La retórica radical que Gadafi ha recuperado en los últimos días no debe engañar a nadie. No es antiimperialista, sino un sirviente del imperialismo caído en desgracia, como lo era Sadam Husein. Quienes intentan mantener lo contrario sólo dificultan la movilización contra el ataque militar occidental y, más en general, fomentan la confusión respecto a qué supone oponerse al imperialismo.
La revolución libia es tan real como las otras
Algunos de los defensores de Gadafi intentan presentar las luchas en Libia como algo totalmente diferente a las revoluciones en marcha en otros países de la región. Se argumenta que las protestas en Libia son «tribales», o bien obra de agentes de la CIA. Se nota la contradicción al alabar los «avances sociales» traídos por Gadafi, para luego afirmar que la sociedad libia es demasiado atrasada como para llevar a cabo una lucha política que no sea tribal o dependiente de un poder extranjero.
En realidad, todas las revoluciones de la región tienen cosas en común y elementos muy específicos. En Yemen, la división del país durante la Guerra Fría -con un norte pro occidental y un sur aliado con Moscú- aún pesa mucho. Desde la unificación del país en 1990, quien manda es Saleh, el antiguo dirigente del norte, lo que contribuye a las luchas en el sur. Por otro lado, en el norte un factor importante son las tribus chiítas. En Bahrein, la división religiosa también es clave: el rey es sunita, apoyado por Arabia Saudita; la mayoría de la población, y por tanto de las y los manifestantes, son chiítas… con lo cual algunos los ven como una quinta columna de Irán, también mayoritariamente chiíta.

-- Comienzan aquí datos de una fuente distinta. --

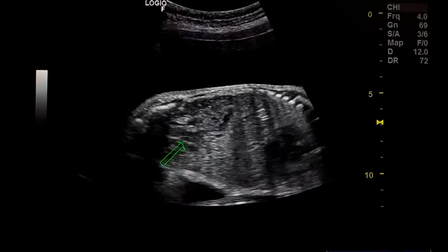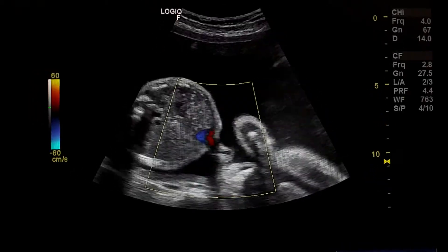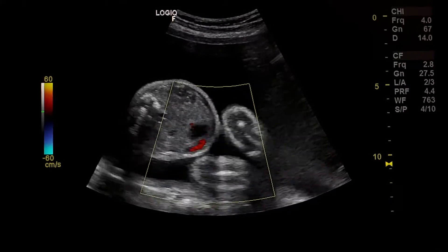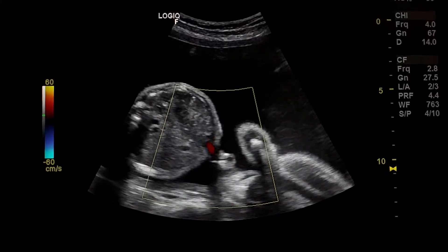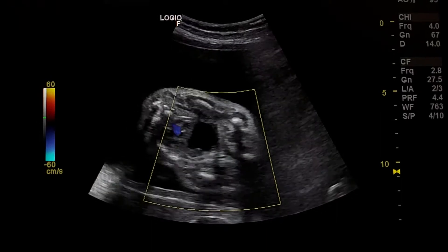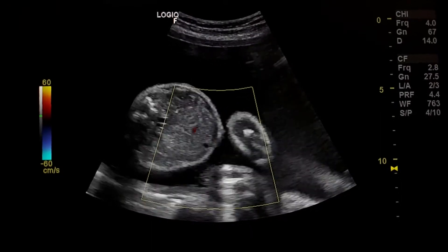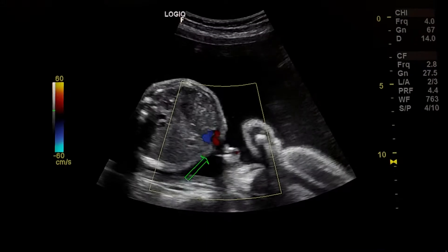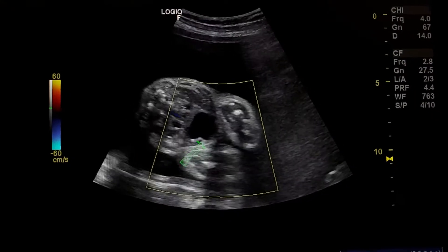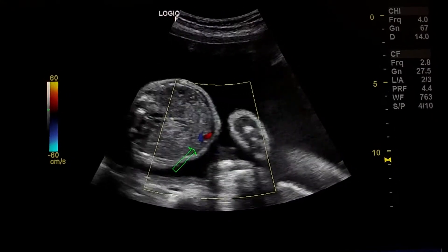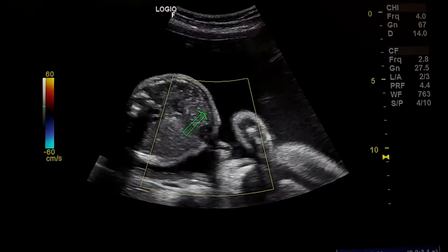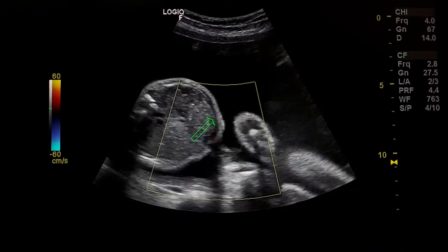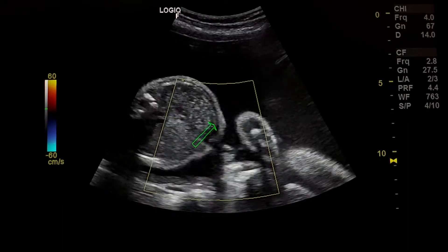Urinary bladder is normal. By scanning the urinary bladder with color Doppler, we see a single umbilical artery — only one artery on the right side, no artery on the left side, lateral to the urinary bladder.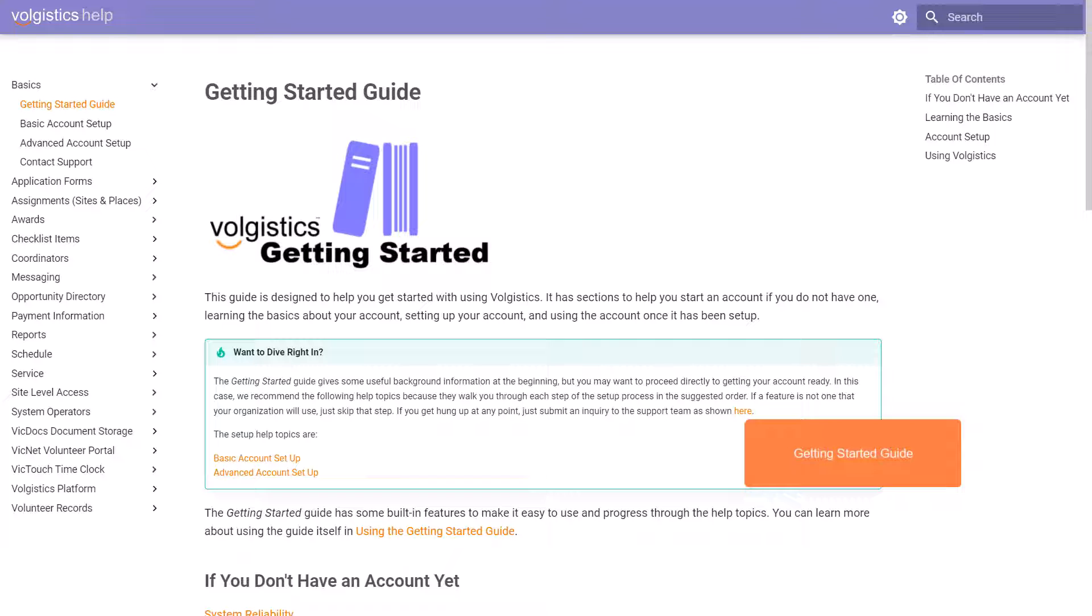So this is really useful for organizations that are planning or beginning to use Volgistics and just want a simple way to familiarize people with using it and making the most of its capabilities.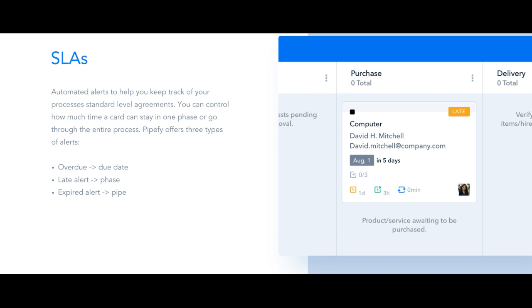The first one is an overdue alert, a notification sent via email when the due date of the card is exceeded. So the date shown on your Pipe's card also gets highlighted yellow when the due date is close and red once it's passed.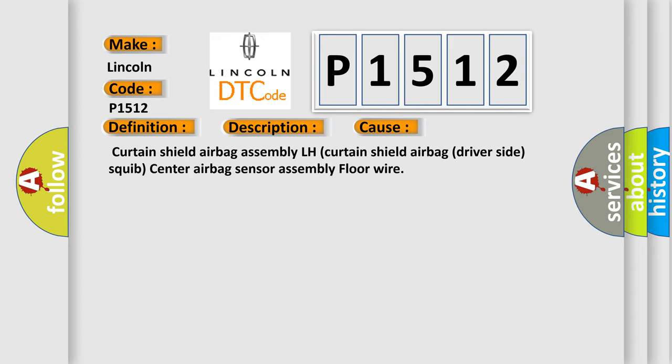Curtain shield airbag assembly LH, curtain shield airbag driver-side squib, center airbag sensor assembly, or floor wire.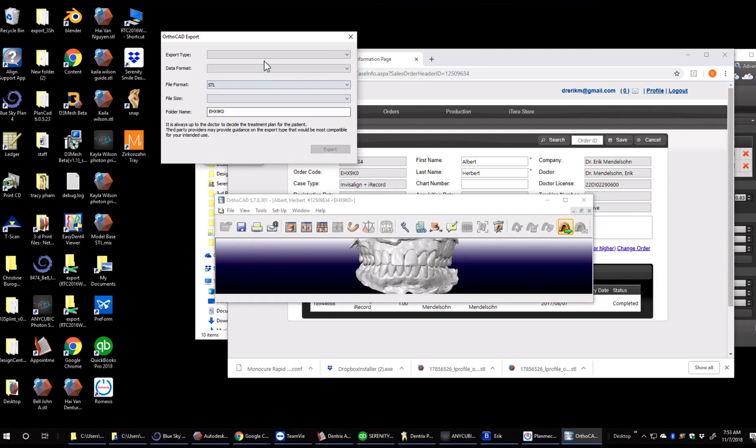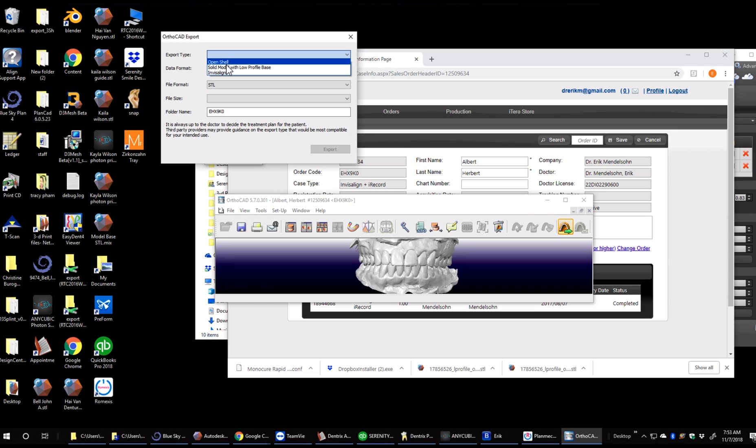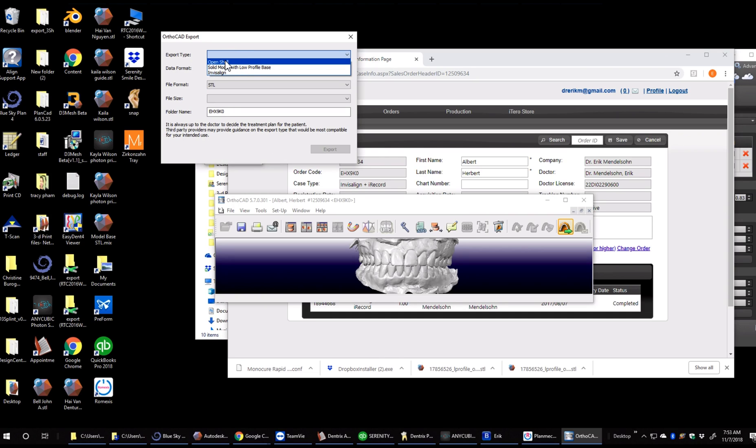Once that opens up, there's two export file types we use. OpenShell is for sending to a lab, using in Blue Sky Bio, and a few other third-party softwares. Solid model with a base is what we're typically going to use for in-house printing. I'm going to pick the OpenShell for now.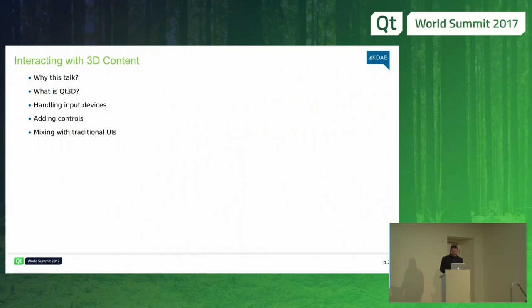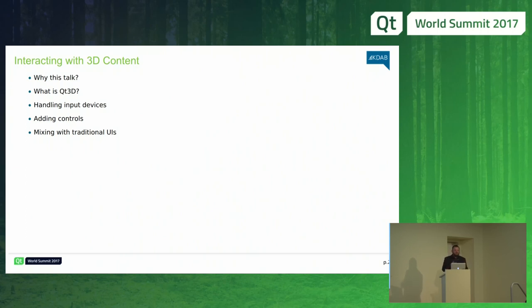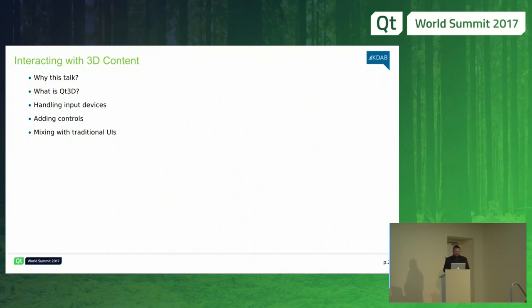I'll spend a bit of time talking about why we're discussing this in the first place, then two slides about what Qt3D is, just so we have a common set of ideas. Then we'll discuss how you handle input devices — mouse events, keyboard events — how you can add controls inside your user interface, and how you mix 3D content with traditional 2D interaction. We're talking about things you can do today in current releases of Qt3D on desktop and on mobile. Some of these things may be extended for handling interaction in VR, but this is what we have today.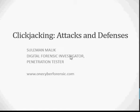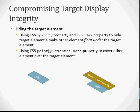Hi guys, my name is Suleiman and today my topic is on clickjacking attacks and defense. If you need further information about clickjacking or any other cyber attacks or defenses, you can visit our website at once-i-reference-it.com. Clickjacking is compromising a target display's integrity by hiding target elements using CSS opacity and z-index properties.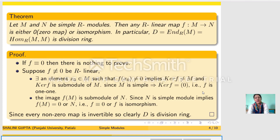Let us prove this. We consider any arbitrary R-linear map f from M to N. Either f is 0 or it is nonzero. If f is 0 then there is nothing to prove. Suppose f is nonzero. Then there exists some element x₀ in M for which f(x₀) is nonzero, so x₀ does not belong to the kernel of f. Thus the kernel of f is a proper submodule of M. But M is simple, so M has only two submodules: 0 and M. Hence the kernel of f must be 0, so f is injective.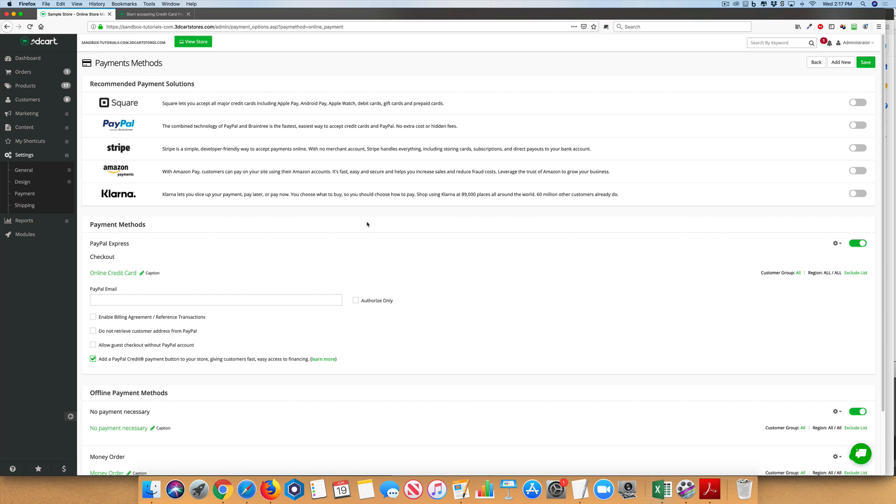If you're using one of these, enable it and it will walk you through connecting your store. If you're using a different merchant account provider or gateway that is not within the recommended solutions, it's easy to add those as well.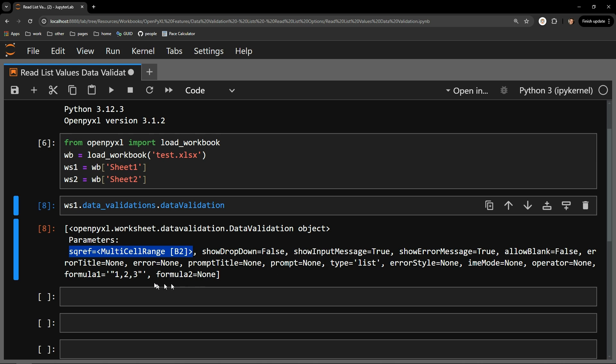The second parameter to notice is formula1, which contains all of the options available in the list. So we have B2 as the cell, and 1, 2, 3 as the options.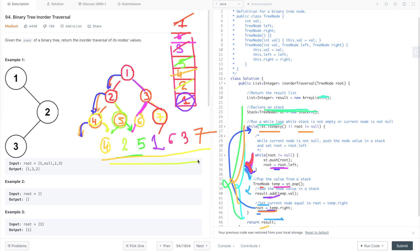This is how we implement in-order traversal using an iterative approach. Its time complexity is O(n) and its space complexity is also O(n).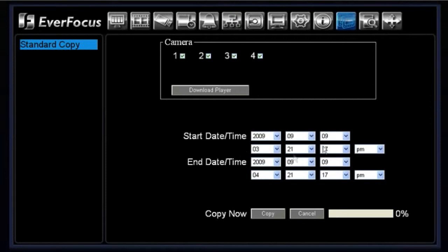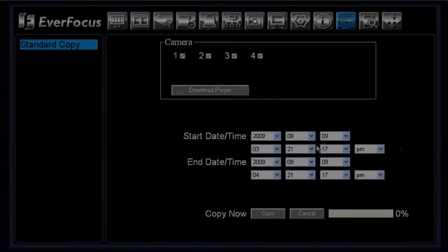Okay, and then you simply put in your start and your end time that you would like to copy in between and then by hitting the copy button it will go ahead and automatically archive the selected cameras.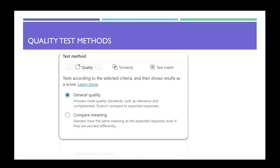Quality test method tests according to the selected criteria and then shows the results as a score. There are two types of it. One is a general quality. Here the responses might meet the quality standards such as relevance and completeness. The second one is the compare meaning where it checks for the meaning but not the exact words there.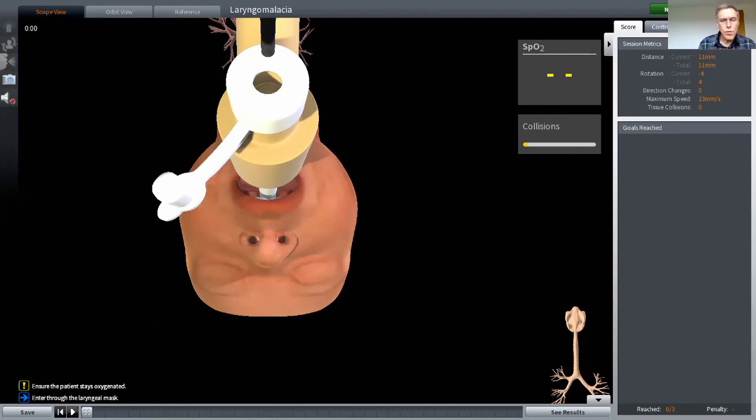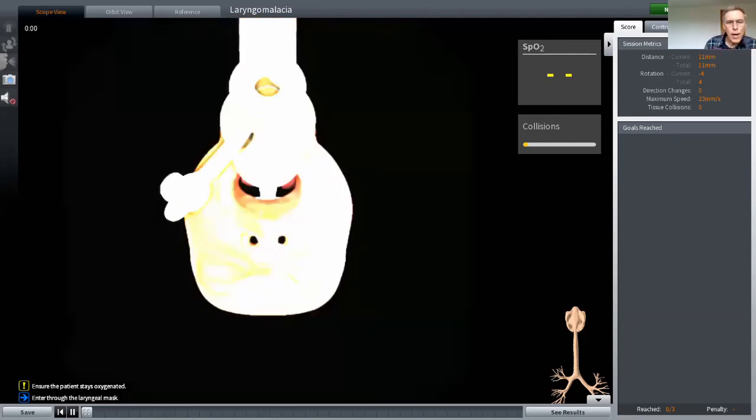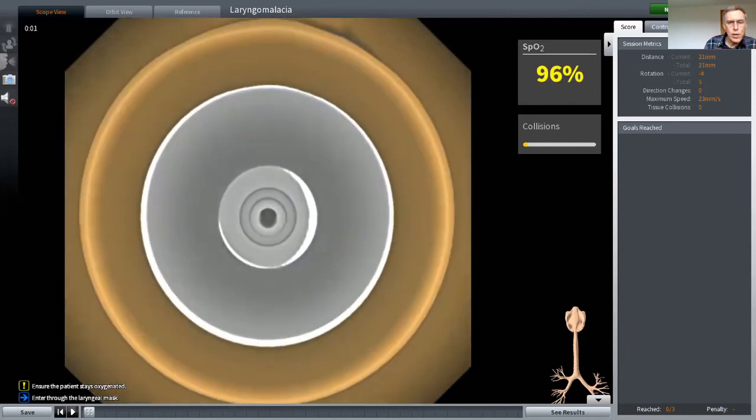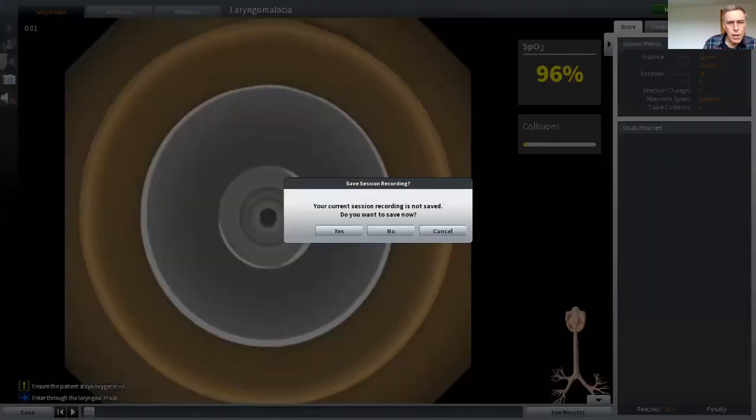Everything I've done was being recorded, and if I wish I can play it back. That's great for teaching. You can, if you're the tutor, you can review what your student's done and play back and critique what happens.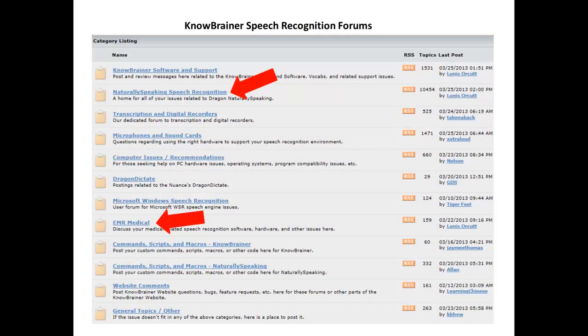We also host the world's largest and most active speech recognition forums that run 24-7 year-round, offering free support to anyone, with sub-forums involving NaturallySpeaking, Dragon Medical and EMR, transcription and digital recorders, computer issues and recommendations, microphones and sound cards, as well as scripts, macros, and commands.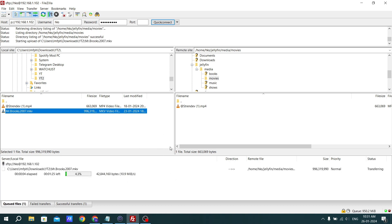Depending on your system hardware, the transfer can take a couple of minutes, so you have to wait for it.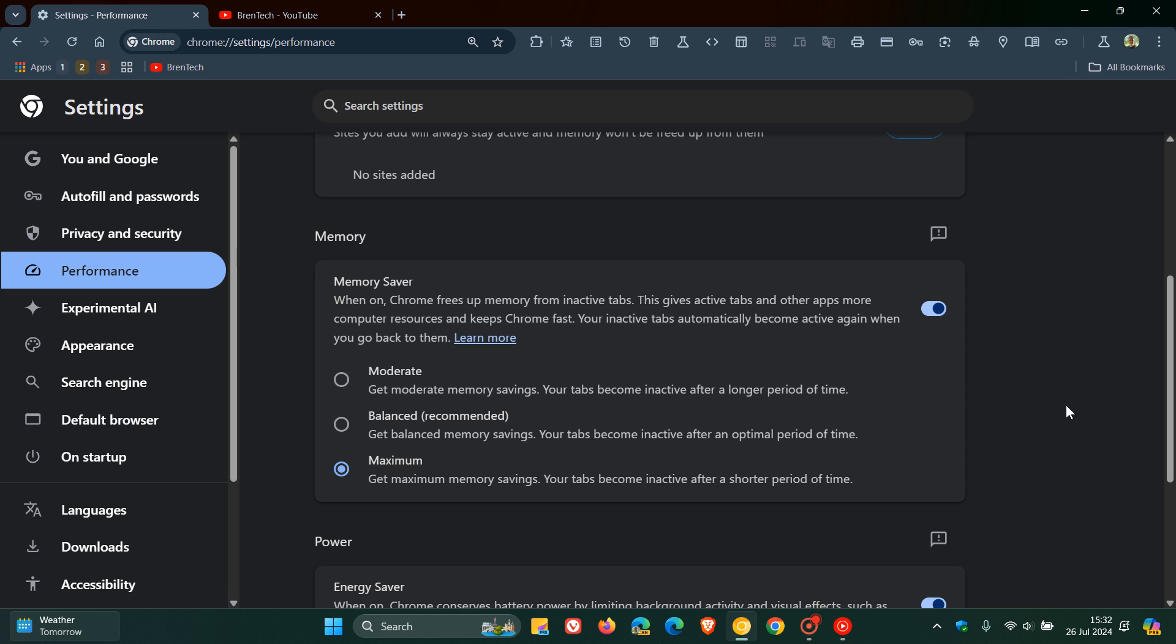I posted a video a couple of days ago showing you how to enable these different memory saving modes if they're not yet available in the stable version, because it seems to be on a controlled rollout. That video will be linked down below and in the end screen.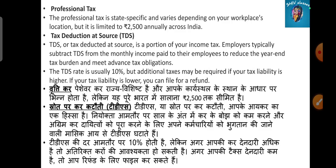Tax Deducted at Source, or TDS, is a portion of your income tax. The employer subtracts TDS from your monthly income.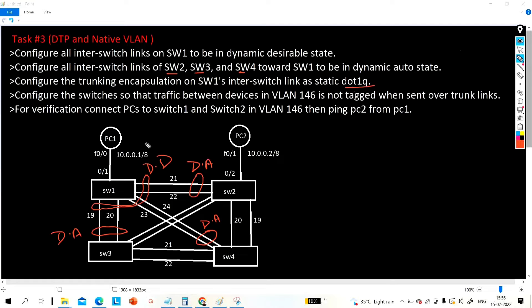On Switch 1, we will run dot1Q encapsulation protocol. We have two encapsulation protocols in DTP: ISL and dot1Q. ISL is Cisco proprietary and dot1Q is an open standard. Since this is a Cisco device, ISL is enabled by default, so we will configure dot1Q. Switch 2, Switch 3, and Switch 4 will then automatically negotiate and also set the encapsulation to dot1Q.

Así que la lógica que dice que Libia no es una revolución debido a tal o cual factor específico lleva a descartar todas las revoluciones de la región. Por poner un ejemplo, un tal Manuel Freytas escribió que «El objetivo de la ‘democratización’ (que comienza por Túnez y Egipto) es […] instalar gobiernos títeres legitimados en las urnas […] En términos estratégicos, el reemplazo del régimen ‘militarista’ de Mubarak por un gobierno ‘democrático’ elegido en las urnas significa la combinación del ‘poder duro’ (El Pentágono) con el ‘poder blando’ (el Departamento de Estado) dentro de un dispositivo convergente de control por ‘izquierda’ y por ‘derecha’.» O sea, todo es una maniobra desde arriba, de la CIA y el Pentágono…
Lenin explicó en 1916 que en todas las revoluciones auténticas hay factores diversos, luchas de la pequeña burguesía por cuestiones nacionales, religiosas, etc. y que «quien espera una revolución social pura, no la verá jamás. Será un revolucionario de palabra, que no comprende la verdadera revolución».
La debilidad corrompe
El revolucionario judío palestino, Tony Cliff, solía decir que «el poder corrompe, la falta de poder corrompe absolutamente». La debilidad de los dirigentes opositores ante los ataques de Gadafi los llevó a corromperse, buscando el apoyo de Occidente.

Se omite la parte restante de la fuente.